[Data excerpts]
------------------------------------------------------------

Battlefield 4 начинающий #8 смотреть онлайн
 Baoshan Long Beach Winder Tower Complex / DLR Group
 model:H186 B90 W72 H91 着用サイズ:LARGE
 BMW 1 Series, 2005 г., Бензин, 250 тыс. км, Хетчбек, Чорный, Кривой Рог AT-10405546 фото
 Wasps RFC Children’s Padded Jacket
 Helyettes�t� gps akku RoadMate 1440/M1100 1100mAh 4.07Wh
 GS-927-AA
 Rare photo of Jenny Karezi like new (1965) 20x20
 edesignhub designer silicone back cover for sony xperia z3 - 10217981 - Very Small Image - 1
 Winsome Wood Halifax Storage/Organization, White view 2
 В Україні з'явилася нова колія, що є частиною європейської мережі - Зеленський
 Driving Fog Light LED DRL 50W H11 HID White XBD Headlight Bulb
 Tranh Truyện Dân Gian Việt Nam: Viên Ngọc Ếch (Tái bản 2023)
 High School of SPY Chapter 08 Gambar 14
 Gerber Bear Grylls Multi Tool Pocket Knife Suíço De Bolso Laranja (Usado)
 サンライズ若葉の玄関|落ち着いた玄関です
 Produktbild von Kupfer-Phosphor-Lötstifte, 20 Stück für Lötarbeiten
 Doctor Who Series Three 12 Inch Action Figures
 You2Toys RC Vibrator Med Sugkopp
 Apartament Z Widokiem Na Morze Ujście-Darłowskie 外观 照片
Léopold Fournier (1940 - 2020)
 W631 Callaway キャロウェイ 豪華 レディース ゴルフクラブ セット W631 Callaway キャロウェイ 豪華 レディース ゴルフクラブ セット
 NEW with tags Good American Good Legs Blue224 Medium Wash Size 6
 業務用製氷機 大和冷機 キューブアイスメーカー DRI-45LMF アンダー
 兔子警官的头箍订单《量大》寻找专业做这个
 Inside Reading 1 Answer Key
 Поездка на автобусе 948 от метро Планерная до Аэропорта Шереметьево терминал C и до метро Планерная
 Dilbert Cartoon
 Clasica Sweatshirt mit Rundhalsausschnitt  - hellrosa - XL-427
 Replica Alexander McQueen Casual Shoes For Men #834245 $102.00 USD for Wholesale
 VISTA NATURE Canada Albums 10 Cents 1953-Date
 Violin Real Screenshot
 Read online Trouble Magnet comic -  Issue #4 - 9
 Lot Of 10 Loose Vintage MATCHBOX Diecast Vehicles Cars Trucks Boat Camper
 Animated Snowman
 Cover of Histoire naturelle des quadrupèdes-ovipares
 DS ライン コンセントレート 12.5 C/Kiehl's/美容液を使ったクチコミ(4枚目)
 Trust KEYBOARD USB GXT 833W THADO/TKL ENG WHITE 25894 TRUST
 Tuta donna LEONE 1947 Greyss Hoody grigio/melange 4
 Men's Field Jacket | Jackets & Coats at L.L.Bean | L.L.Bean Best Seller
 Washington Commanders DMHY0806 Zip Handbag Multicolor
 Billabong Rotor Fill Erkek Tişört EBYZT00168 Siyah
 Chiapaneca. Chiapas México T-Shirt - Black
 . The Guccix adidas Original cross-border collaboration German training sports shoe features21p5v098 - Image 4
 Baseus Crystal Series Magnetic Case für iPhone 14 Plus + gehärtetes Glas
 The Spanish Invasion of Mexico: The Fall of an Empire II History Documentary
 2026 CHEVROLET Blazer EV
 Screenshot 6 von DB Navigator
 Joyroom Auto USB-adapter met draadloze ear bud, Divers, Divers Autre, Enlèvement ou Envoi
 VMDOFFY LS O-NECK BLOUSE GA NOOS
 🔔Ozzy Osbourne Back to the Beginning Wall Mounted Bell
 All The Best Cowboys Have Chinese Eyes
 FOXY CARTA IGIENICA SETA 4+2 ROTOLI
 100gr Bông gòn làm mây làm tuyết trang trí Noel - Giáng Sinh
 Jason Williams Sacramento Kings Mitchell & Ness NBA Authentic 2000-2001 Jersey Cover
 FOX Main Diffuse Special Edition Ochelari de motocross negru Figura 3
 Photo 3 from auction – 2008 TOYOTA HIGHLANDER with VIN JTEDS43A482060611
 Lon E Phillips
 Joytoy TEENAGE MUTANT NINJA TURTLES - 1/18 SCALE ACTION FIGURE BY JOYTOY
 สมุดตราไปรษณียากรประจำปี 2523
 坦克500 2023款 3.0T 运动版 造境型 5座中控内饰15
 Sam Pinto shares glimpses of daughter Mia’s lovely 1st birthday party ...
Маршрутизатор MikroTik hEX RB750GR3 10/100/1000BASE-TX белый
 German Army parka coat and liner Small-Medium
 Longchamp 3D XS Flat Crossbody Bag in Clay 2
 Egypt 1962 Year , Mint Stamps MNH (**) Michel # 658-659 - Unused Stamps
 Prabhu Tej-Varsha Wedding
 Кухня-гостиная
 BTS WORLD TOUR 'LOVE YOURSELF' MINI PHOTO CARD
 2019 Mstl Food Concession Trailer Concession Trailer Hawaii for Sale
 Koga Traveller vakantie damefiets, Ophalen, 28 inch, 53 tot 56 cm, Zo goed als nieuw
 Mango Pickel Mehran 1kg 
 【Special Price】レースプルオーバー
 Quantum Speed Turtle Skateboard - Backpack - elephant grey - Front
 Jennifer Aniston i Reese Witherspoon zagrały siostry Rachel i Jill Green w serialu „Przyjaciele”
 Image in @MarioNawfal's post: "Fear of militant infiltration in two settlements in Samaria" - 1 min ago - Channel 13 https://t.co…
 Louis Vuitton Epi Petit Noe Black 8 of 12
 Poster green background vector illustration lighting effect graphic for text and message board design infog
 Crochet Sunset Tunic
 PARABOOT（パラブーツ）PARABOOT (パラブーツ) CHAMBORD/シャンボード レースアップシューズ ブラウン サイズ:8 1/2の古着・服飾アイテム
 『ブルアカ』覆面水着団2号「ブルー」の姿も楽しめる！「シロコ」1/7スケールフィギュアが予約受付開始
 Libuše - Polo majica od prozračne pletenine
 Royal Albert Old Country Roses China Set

------------------------------------------------------------

• **Work task**
For the word "Special", find every line in the data that holds it and copy that line.

• **Problem solution**
 FOX Main Diffuse Special Edition Ochelari de motocross negru Figura 3
 【Special Price】レースプルオーバー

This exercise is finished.